In order to better appreciate this modest 40-minute dance solo with music you need to know the back story. The veteran Finnish dance artist Alpo Aaltokoski was meant to create a collaborative performance with Ali Alawad, a virtuoso Iraqi oud lute player and singer, as a means of examining cultural similarities and differences. But the rejection of Alawad's asylum application put a spanner in the works. Rather than accept forced repatriation, Alawad fled Finland two weeks before the premiere. These events didn't stop the men's artistic aspirations. The result is, in effect, a subtle yet resonant act of political defiance. 

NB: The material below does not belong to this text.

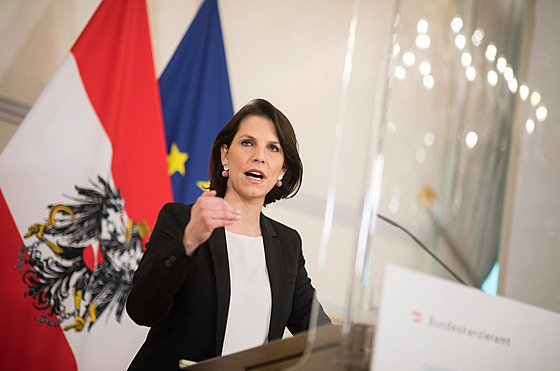 Rakouská ministryn obrany Karoline Edtstadlerová. (16. ledna 2022)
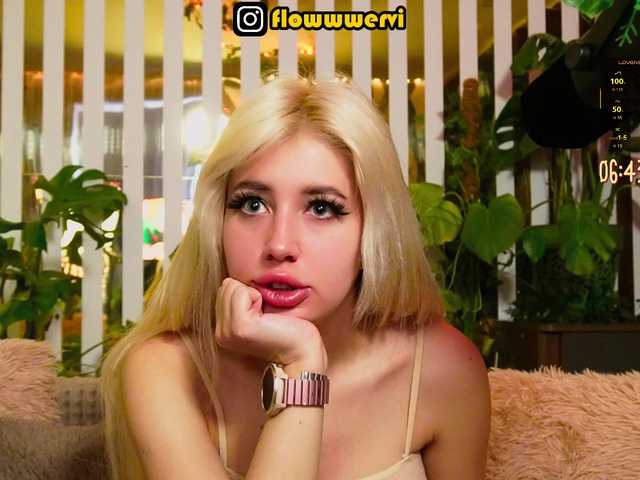 MiaLiaHot's BongaCams show and profile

Thin and wiry in casual clothes, Aaltokoski is a simultaneously silky yet twitchy mover. Initially he swirls his limbs and twists his torso, or sometimes jogs in place. A third of the small, bare stage is fronted by a scrim onto which looming video footage of Alawad is occasionally projected. His music is seductive and heartfelt. It alters how Aaltokoski dances, softening his innate angularity, slowing him down and transforming him into a more sensually undulant presence.

At one juncture Aaltokoski appears to mime hugging an instrument while, towards the close of the piece, he clutches his head and throws out his hands in a gesture of impatience, lamentation or disgust. Visually the performance is handsome: Alawad is sharply filmed, while Aaltokoski is bathed in low-key, lambent light.